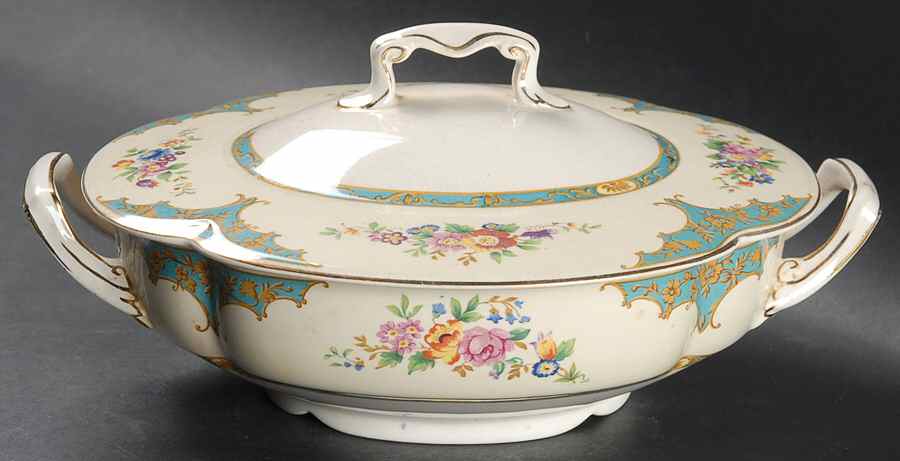Belgravia Oval Covered Vegetable by Johnson Brothers-1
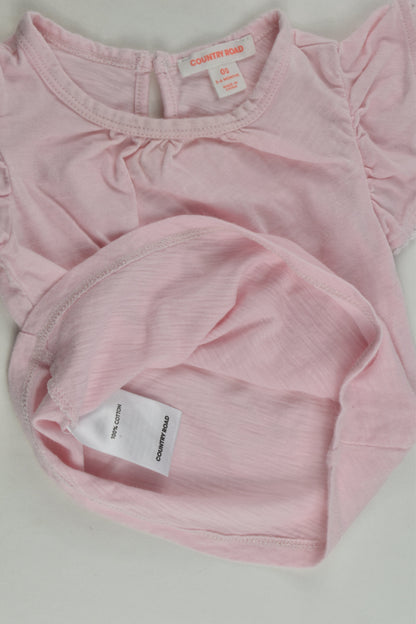 Country Road Size 00 T-shirt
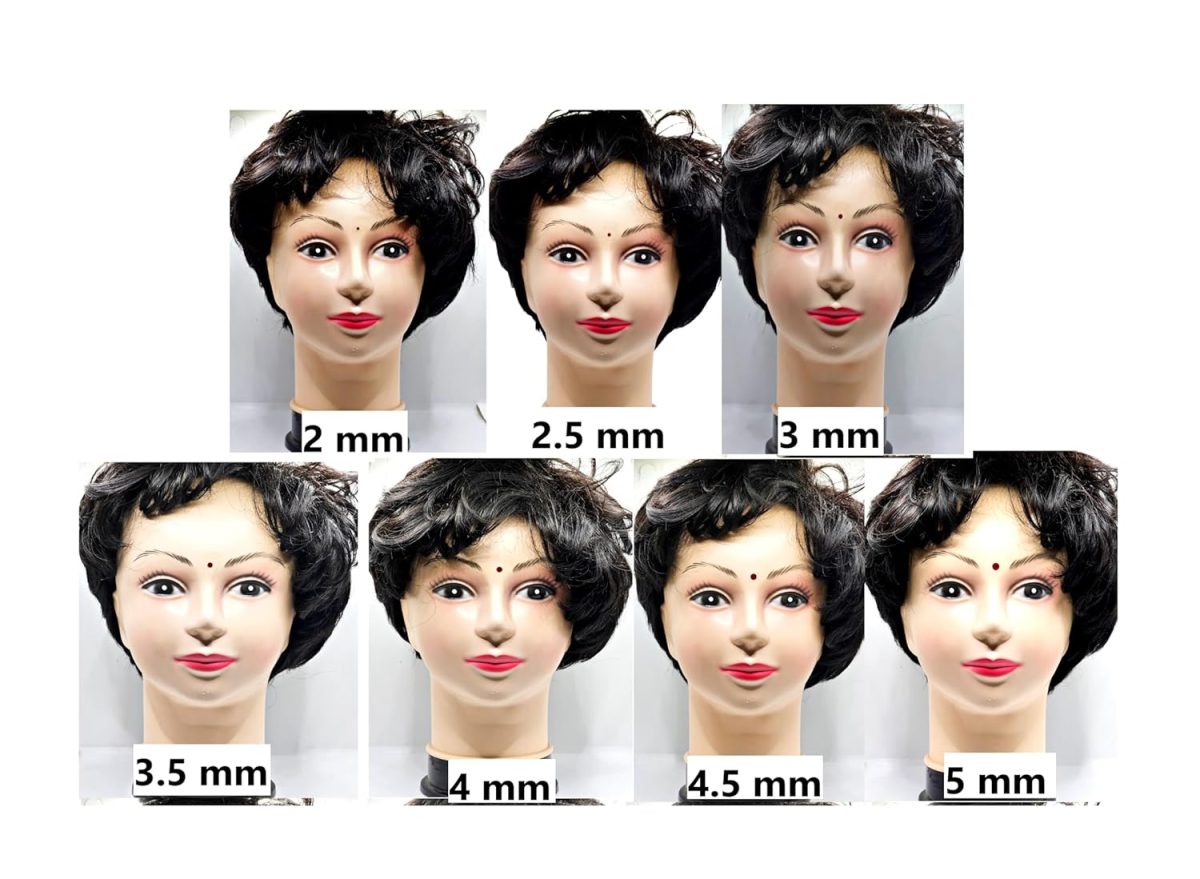 GNR Multicolor Bindi Daily Use Simple Forehead Bindi for Women - Pack of 12 Boxes (Size : 2 mm Each) - Image 3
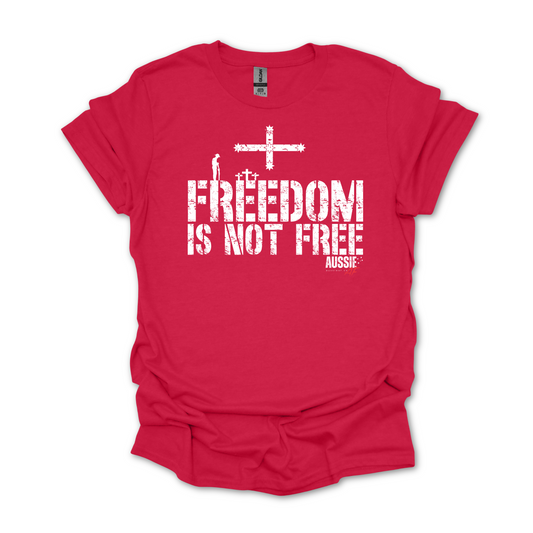 Freedom Is Not Free Eureka Flag Unisex Shirt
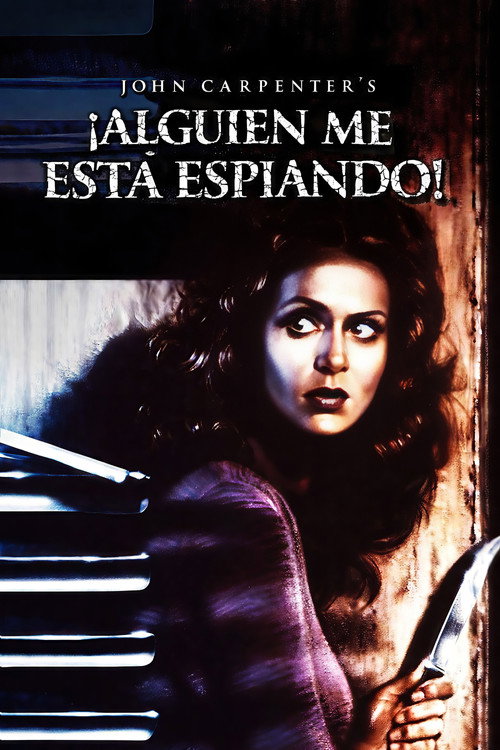 Cartel de ¡Alguien me está espiando!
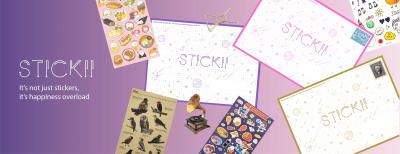 Stickii Sticker Subscription December 2018 Spoilers & Coupon!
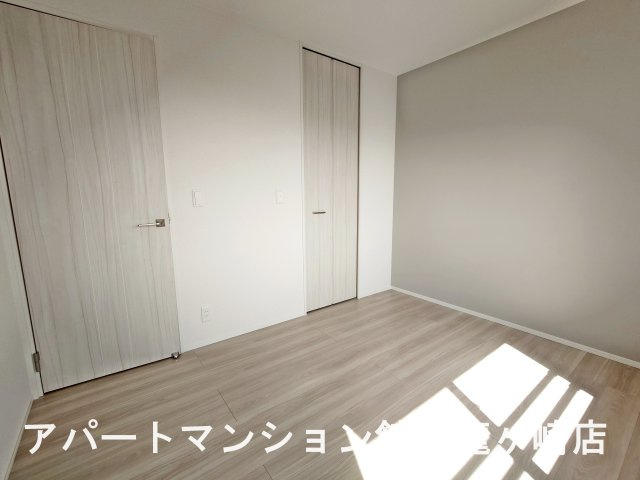 セレウィータ栄町の寝室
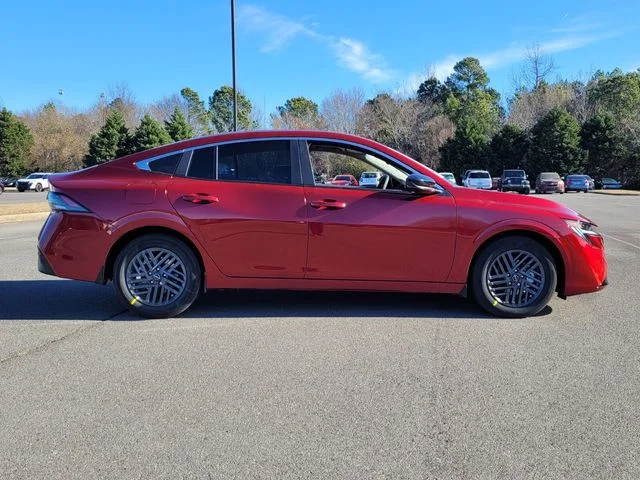 New 2026 Red Nissan SV image 2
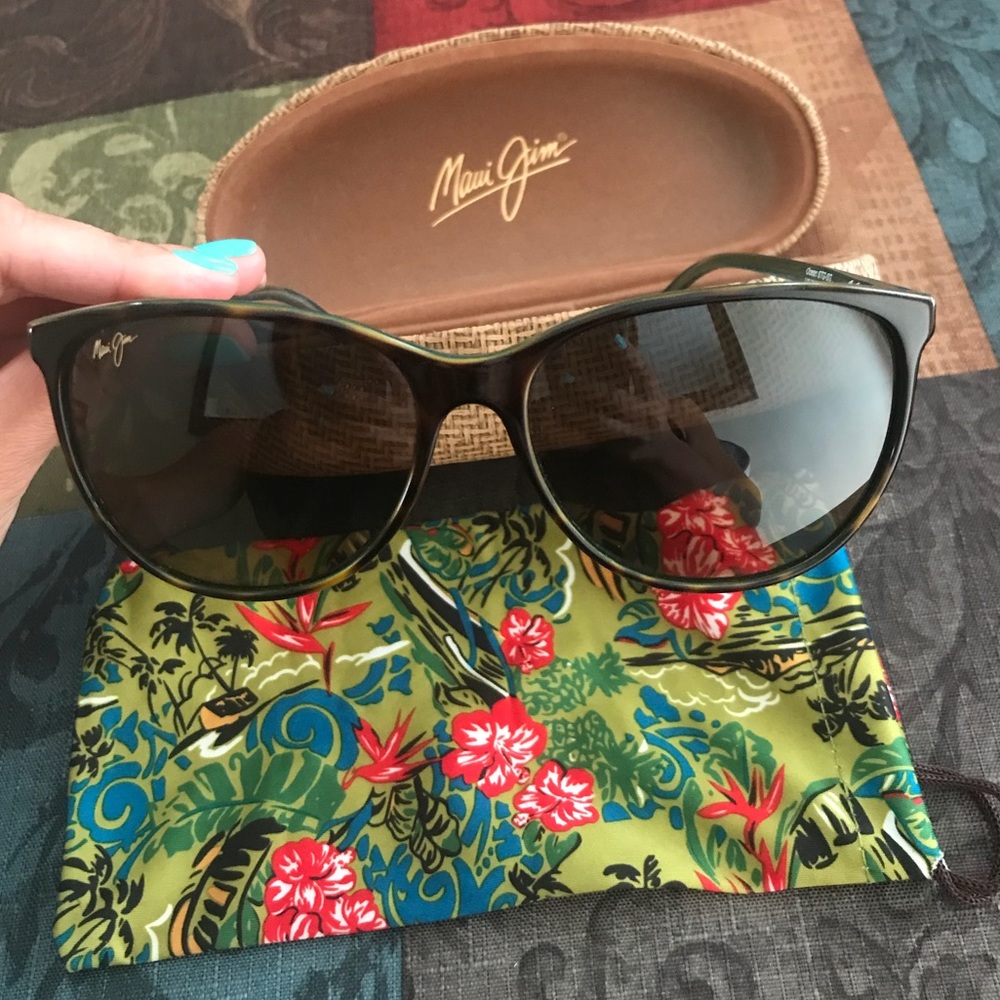 Maui Jim Ocean 57mm Polarized sunglasses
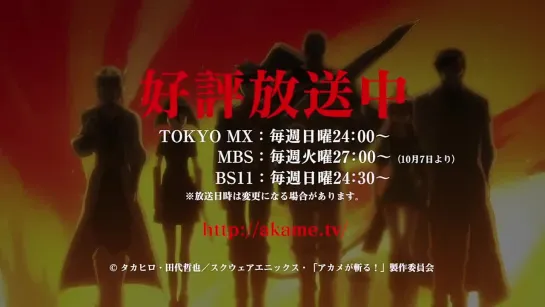 Akame ga Kill! TV2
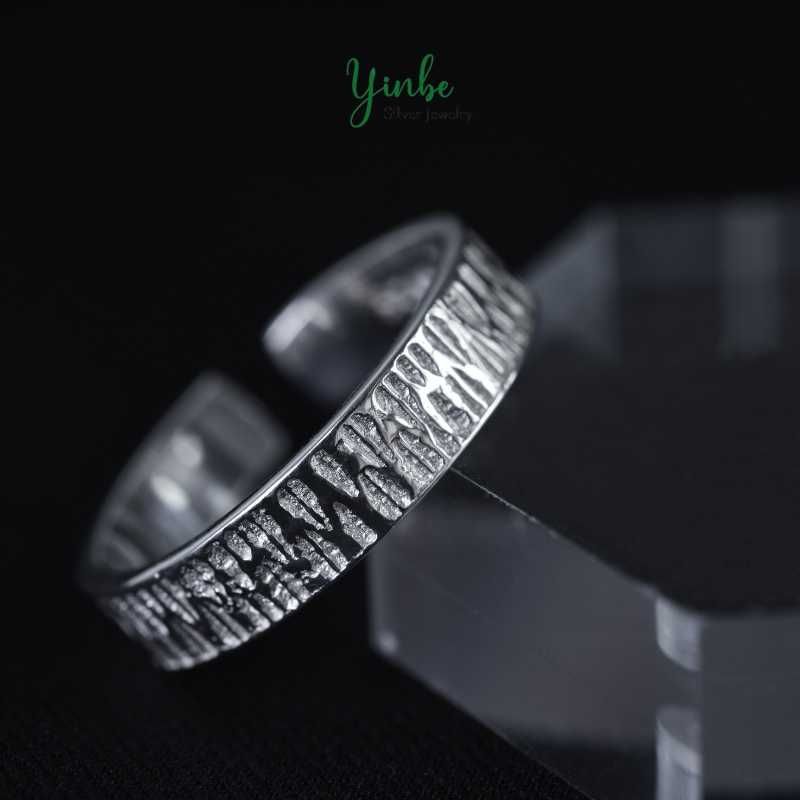  Nhẫn Bạc S925 Tinh Mạch Yinbe Silver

- - - -

_Task directions_
In your answer, give every line of the listing above exactly, and do not include the images.

_Reply to the task_
Belgravia Oval Covered Vegetable by Johnson Brothers-1
 Country Road Size 00 T-shirt
 GNR Multicolor Bindi Daily Use Simple Forehead Bindi for Women - Pack of 12 Boxes (Size : 2 mm Each) - Image 3
 Freedom Is Not Free Eureka Flag Unisex Shirt
 Cartel de ¡Alguien me está espiando!
 Stickii Sticker Subscription December 2018 Spoilers & Coupon!
 セレウィータ栄町の寝室
 New 2026 Red Nissan SV image 2
 Maui Jim Ocean 57mm Polarized sunglasses
 Akame ga Kill! TV2
  Nhẫn Bạc S925 Tinh Mạch Yinbe Silver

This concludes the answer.